● WORK REQUEST
Using the data below, restate exactly every line from the one with "Used 2021 Nissan" up to and including the one with "Ladies beige and". No picture belongs in it.

● TASK DATA
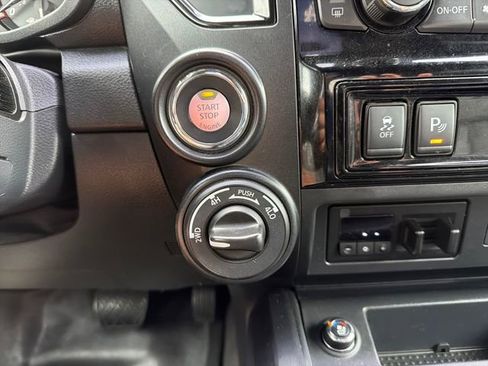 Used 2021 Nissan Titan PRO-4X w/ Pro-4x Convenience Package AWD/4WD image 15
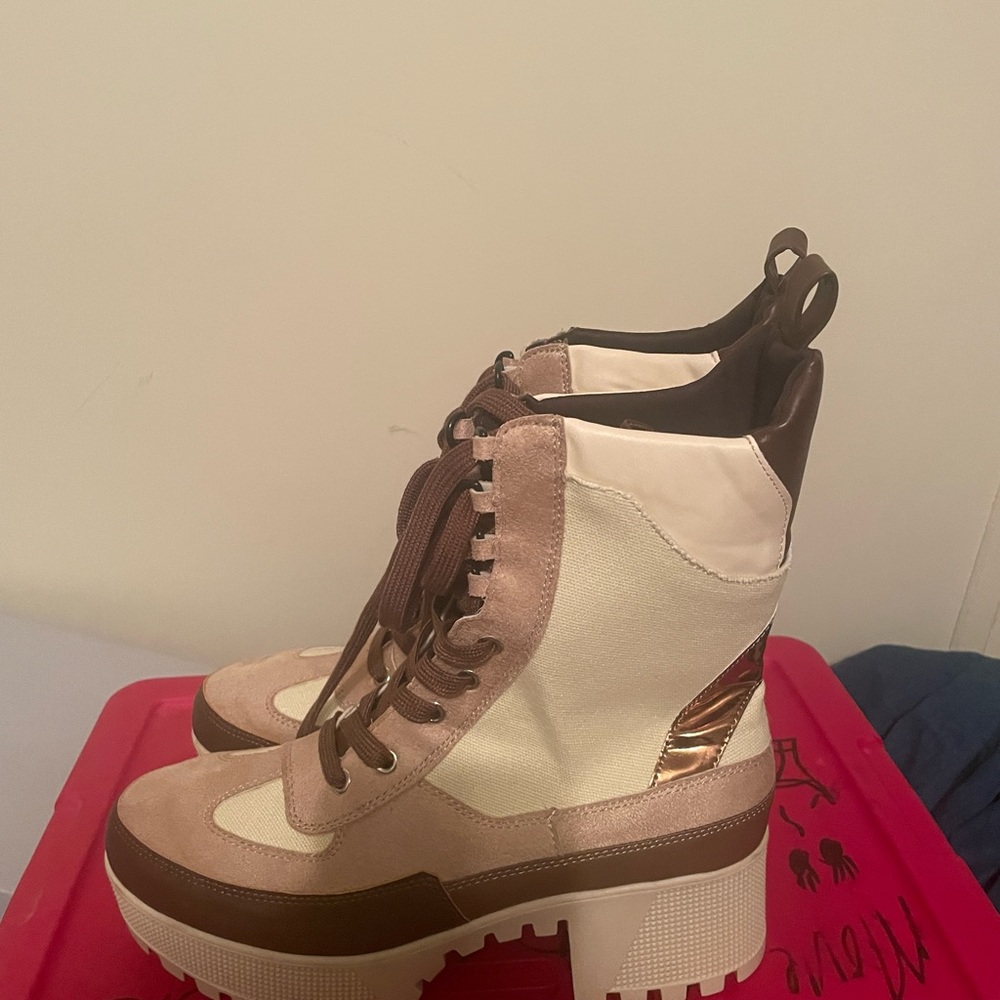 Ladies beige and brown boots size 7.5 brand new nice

...

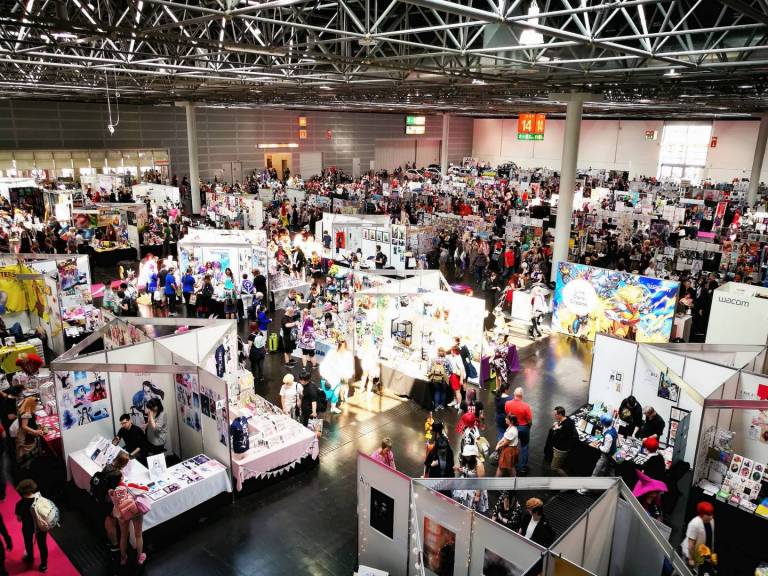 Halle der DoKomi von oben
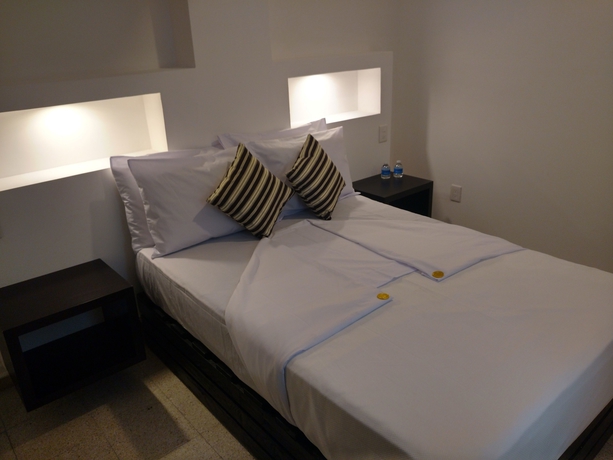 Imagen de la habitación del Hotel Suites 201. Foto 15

---

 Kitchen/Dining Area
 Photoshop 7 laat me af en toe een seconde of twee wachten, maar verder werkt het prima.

● ANSWER SPACE
 Used 2021 Nissan Titan PRO-4X w/ Pro-4x Convenience Package AWD/4WD image 15
 Ladies beige and brown boots size 7.5 brand new nice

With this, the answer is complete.